Berita / Kalimantan /
Delapan Warga Mirah Kalanaman Didakwa Curi Sawit Perusahaan, Kuasa Hukum Pertanyakan Legalitas Kepemilikan Lahan
Tim kuasa hukum delapan terdakwa kasus pencurian sawit perusahaan foto bersama usai sidang di PN Kasongan. Foto: ist.
Kasongan, elaeis.co – Majelis hakim Pengadilan Negeri Kasongan melanjutkan persidangan dengan terdakwa delapan warga Desa Mirah Kalanaman, Kecamatan Katingan Tengah, Kabupaten Katingan, Kalimantan Tengah.
Sebelumnya, para terdakwa diajukan ke persidangan dalam kasus pencurian buah sawit milik PT Bumihutani Lestari (PT BHL). Delapan terdakwa dalam perkara ini masing-masing Jepry P Lasse, Yohanes Berek, Arnis Laki Mbei, Stefanus Maf, Rioyanto, Jems Ferdinan, Batri Nabu, dan Aminuddin Goltom. Tujuh orang pertama didakwa melakukan pemanenan tanpa izin, sedangkan Aminuddin dituduh sebagai pihak yang menyuruh mereka melakukan pemanenan buah sawit di areal perusahaan.
Agenda persidangan masih seputar pemeriksaan saksi-saksi. Jaksa Penuntut Umum menghadirkan empat orang saksi dari pihak PT BHL. Masing-masing Asisten Manajer, Asisten Divisi II, Kanit Pengamanan, dan Danru Kepala Satpam Kerinci Estet.
Dalam persidangan terakhir ini, kuasa hukum para terdakwa mempertanyakan legalitas kepemilikan lahan perusahaan di Blok I29 yang menjadi lokasi pemanenan. Hal ini memantik perdebatan sehingga dalam persidangan sempat terjadi ketegangan antara jaksa dan tim kuasa hukum terdakwa. Bahkan majelis hakim sempat menyarankan agar kedua belah pihak mempertimbangkan jalan damai melalui musyawarah sebelum sidang memasuki tahap akhir pembuktian.
Kuasa hukum terdakwa, Jhon Silaban, menyampaikan bahwa keterangan para saksi tidak mampu membuktikan status kepemilikan lahan yang diklaim sebagai milik perusahaan. “Saksi dari manajemen PT BHL tidak bisa menunjukkan dokumen legal seperti sertifikat atau Hak Guna Usaha (HGU) atas Blok I29,” katanya dalam keterangan yang dikutip Ahad (17/8).

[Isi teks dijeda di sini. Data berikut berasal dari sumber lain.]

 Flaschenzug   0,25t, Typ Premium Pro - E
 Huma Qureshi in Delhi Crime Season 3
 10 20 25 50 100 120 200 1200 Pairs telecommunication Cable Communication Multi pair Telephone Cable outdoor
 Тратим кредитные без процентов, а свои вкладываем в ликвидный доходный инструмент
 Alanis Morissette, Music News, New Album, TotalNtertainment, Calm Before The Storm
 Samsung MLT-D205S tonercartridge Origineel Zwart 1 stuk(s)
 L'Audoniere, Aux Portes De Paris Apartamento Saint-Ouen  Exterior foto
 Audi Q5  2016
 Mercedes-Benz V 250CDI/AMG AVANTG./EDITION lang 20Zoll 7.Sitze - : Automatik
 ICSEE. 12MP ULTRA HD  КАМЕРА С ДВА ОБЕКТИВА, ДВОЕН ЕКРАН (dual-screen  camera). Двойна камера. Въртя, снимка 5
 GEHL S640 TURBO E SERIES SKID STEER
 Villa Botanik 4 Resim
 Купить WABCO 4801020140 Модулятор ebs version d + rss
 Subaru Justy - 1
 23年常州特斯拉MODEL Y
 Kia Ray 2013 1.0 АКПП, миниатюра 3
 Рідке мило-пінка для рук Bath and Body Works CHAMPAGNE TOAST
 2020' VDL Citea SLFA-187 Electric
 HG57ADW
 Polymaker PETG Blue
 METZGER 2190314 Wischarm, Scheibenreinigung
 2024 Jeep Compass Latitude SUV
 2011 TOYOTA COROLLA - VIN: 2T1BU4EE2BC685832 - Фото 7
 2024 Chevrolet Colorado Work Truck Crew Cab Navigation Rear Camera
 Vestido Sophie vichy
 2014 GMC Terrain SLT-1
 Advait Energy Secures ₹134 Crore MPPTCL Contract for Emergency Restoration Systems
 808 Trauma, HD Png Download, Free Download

Menurutnya, berdasarkan peta yang diperlihatkan di persidangan, lokasi Blok I29 justru berada di luar batas area HGU perusahaan. Hal ini bahkan diakui oleh salah satu saksi dari pihak perusahaan sendiri saat ditanya langsung oleh kuasa hukum di hadapan majelis hakim.
Lokasi tersebut sebelumnya bahkan pernah disengketakan antara keluarga Aminuddin Goltom dengan PT BHL dan dimenangkan oleh pihak keluarga. Dia menduga, konflik lama ini menjadi latar belakang dilaporkannya kembali warga ke ranah hukum.
Dia juga menekankan bahwa dalam keterangan para saksi tidak ditemukan fakta bahwa Aminuddin Goltom menyuruh tujuh warga lainnya melakukan pemanenan. “Tidak ada perintah, tidak ada bukti, dan tidak ada alat bukti yang sah yang bisa menjelaskan bahwa ini pencurian,” ujarnya.
“Dalam persidangan, tidak ada keterangan saksi yang menyebutkan adanya perintah dari Pak Aminuddin. Bahkan saksi Danru security perusahaan yang masih ada hubungan keluarga dengan terdakwa pun tidak menyatakan hal itu,” tambahnya.
Jhon menilai dakwaan terhadap kliennya lemah karena tidak didukung dua alat bukti yang sah sebagaimana diatur dalam hukum acara pidana. Dia pun menyinggung kejanggalan dalam penanganan kasus ini. Meski ada aktivitas pemanenan yang dianggap ilegal, nyatanya tidak ada penangkapan langsung oleh petugas perusahaan saat kejadian berlangsung.
Menurut Jhon, pihak perusahaan membiarkan dugaan pencurian terjadi tanpa ada tindakan langsung di lapangan. “Kalau itu memang maling, kenapa tidak langsung ditangkap saat kejadian? Bahkan mereka membawa istri ke kebun, ini jelas bukan tindakan kriminal,” tambahnya.
Sidang akan kembali dilanjutkan pada pekan depan dengan agenda pemeriksaan tiga saksi tambahan dari jaksa. Setelah itu, kuasa hukum para terdakwa akan menghadirkan saksi-saksi a de charge untuk memperkuat pembelaan terhadap delapan warga yang kini sedang menjalani proses hukum.